В том же начале 1896 года, когда репетируется «Отелло» в Охотничьем клубе, Станиславского приглашает для постановки в профессиональном театре его прежний кумир — Михаил Валентинович Лентовский. На сцене большого Солодовниковского театра, арендованного Лентовским, режиссер ставит с актерами-профессионалами пьесу Герхарта Гауптмана «Ганнеле». Драматург сохраняет в этой пьесе ту беспощадную реальность в изображении современного быта, которой он прославился: в грязной богадельне со сводчатым потолком, с глиняными кружками на деревянном столе, с тряпьем, раскиданным по углам, собираются в рождественскую ночь нищие, шлюхи, старики, у которых нет иного дома. В то же время эта реальность, сгущенная уже до фантасмагории, расплывается, колеблется в видениях больной девочки Ганнеле, которой грезятся белые ангелы и входящий в богадельню Христос. Шлюха Грета живет в одном мире с Христом, рядом с тряпьем появляется прозрачный стеклянный гроб, в котором в сказочном наряде лежит умершая девочка. Это и увлекает режиссера — не сказка сама по себе, не реальность сама по себе, а их зыбкое сплетение, создающее новую, преображенную реальность, словно призывающую в рождественскую ночь: оглянитесь, люди, поймите, что жизнь ваша оправдана, если вы творите добро, если сердца ваши открыты другим, вспомните о нищих, замерзающих в подвалах, о голодных детях, о бездомных. Тональность грустных святочных сказок — «Девочки со спичками» Андерсена, «Мальчика у Христа на елке» Достоевского — впервые воплощается на сцене. Как всегда, деловито и подробно рисует Станиславский в своих записных книжках обстановку богадельни, фигуры ее обитателей, больную, лежащую в бедной постели (рисует многократно — ему важна реальность поз, жестов), тщательно прорисовывает перья в белых крыльях ангелов, увлеченно изображает устройство черных крыльев ангела смерти. Он ищет не только необычное живописное решение, но необычное звучание сказки: четкая фразировка, столь необходимая пьесам Островского, сменяется шепотом, вздохами, словами шелестящими, стонущими, песенно-ликующими. Рецензенты пишут о «неслыханной силы впечатлении» от спектакля; и все, видевшие его, навсегда запомнили, как реальные фигуры бедняков покачивались за легким занавесом-дымкой, становились бестелесными, оставаясь в то же время реальными, как простирались над ребенком гигантские черные крылья ангела смерти и как светился стеклянный гроб, напоминая строки сказки: «И в хрустальном гробе том спит царевна вечным сном…»

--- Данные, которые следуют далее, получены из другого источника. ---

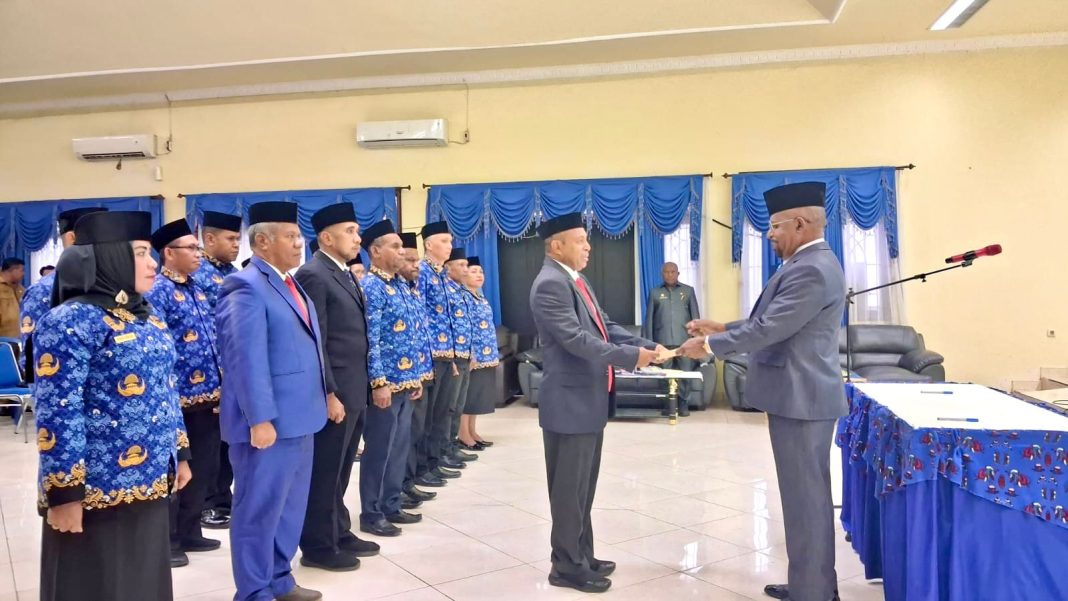 Bupati Yunus Wonda Lantik 24 Pejabat, Tekankan Kerja Cepat dan Pelayanan Publik Maksimal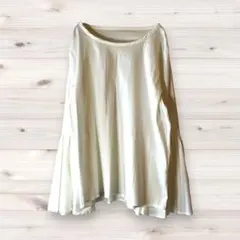 新品　Deux Amour ドゥーザムール　長袖ブラウス（M-L）ホワイト　無地のサムネイル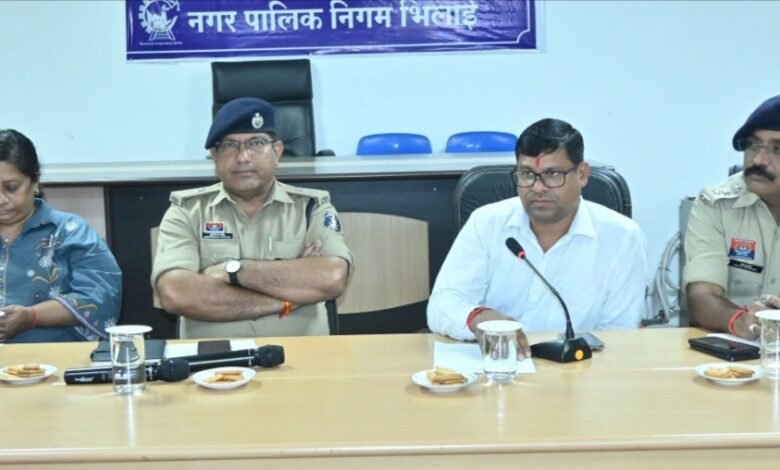 आगामी त्यौहारी सिजन में आवागमन बाधित न हो इसके लिए निगम सभागार में बैठक आयोजित आगामी त्यौहारी सिजन में आवागमन बाधित न हो इसके लिए निगम सभागार में बैठक आयोजित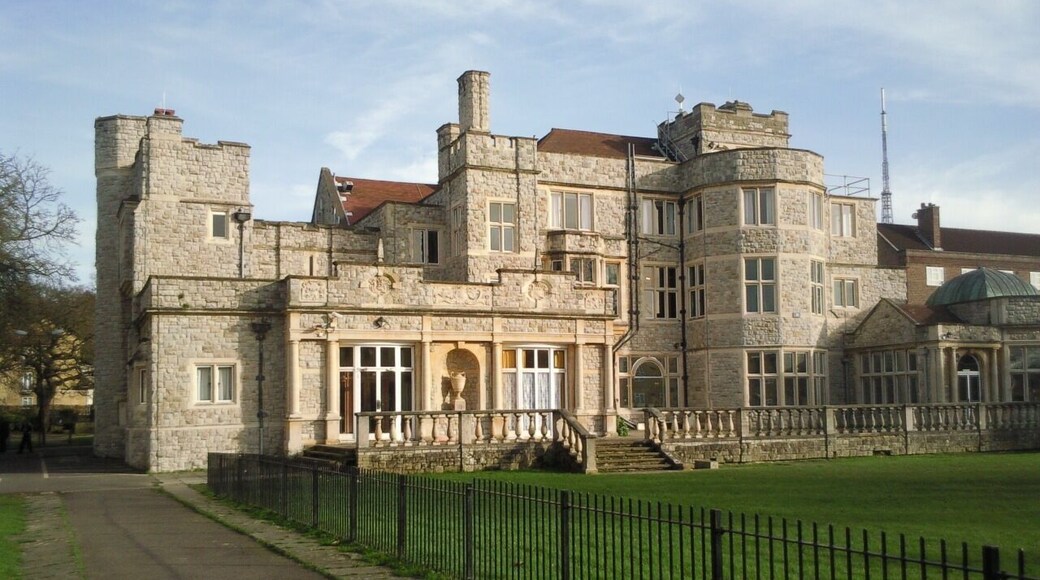 Kingswood House was re-built much as it is today by John Lawson Johnson in the late 1800s, and became known as Bovril Castle. Johnson, a butcher by trade, invented Bovril. In 1919 Sir William Vestey was granted an 80 year lease on the House and when he was made a Lord in 1922 he took the title Baron Vestey of Kingswood. The House became the nucleus of the Kingswood Estate in 1956. It is now a grade 2 listed mansion known as Kingswood House, but is affectionately called ‘The Castle’. It contains a library, function rooms, offices, and rooms for community events. The ubiquitous Crystal Palace TV Transmitter can be seen behind.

По окончании премьеры Лентовский дарит Станиславскому заветную, драгоценнейшую книгу. Это — первое издание «Ревизора». На первой его странице автограф: «Моему доброму и бесценному Михаилу Семеновичу Щепкину от Гоголя». Щепкин подарил книгу-символ молодому Лентовскому; старый Лентовский передает ее тому, кто, как он думает, один достоин такого подарка, — Станиславскому. Двенадцать раз идет «Ганнеле» в Солодовниковском театре на Большой Дмитровке, двенадцать раз переполнен зал, и даже статисты профессионального театра — ко всему привычные, равнодушные, мечтающие лишь о вечернем расчете — превращаются в нищих и пьянчужек захолустной немецкой богадельни, плачут настоящими слезами над умирающей Ганнеле.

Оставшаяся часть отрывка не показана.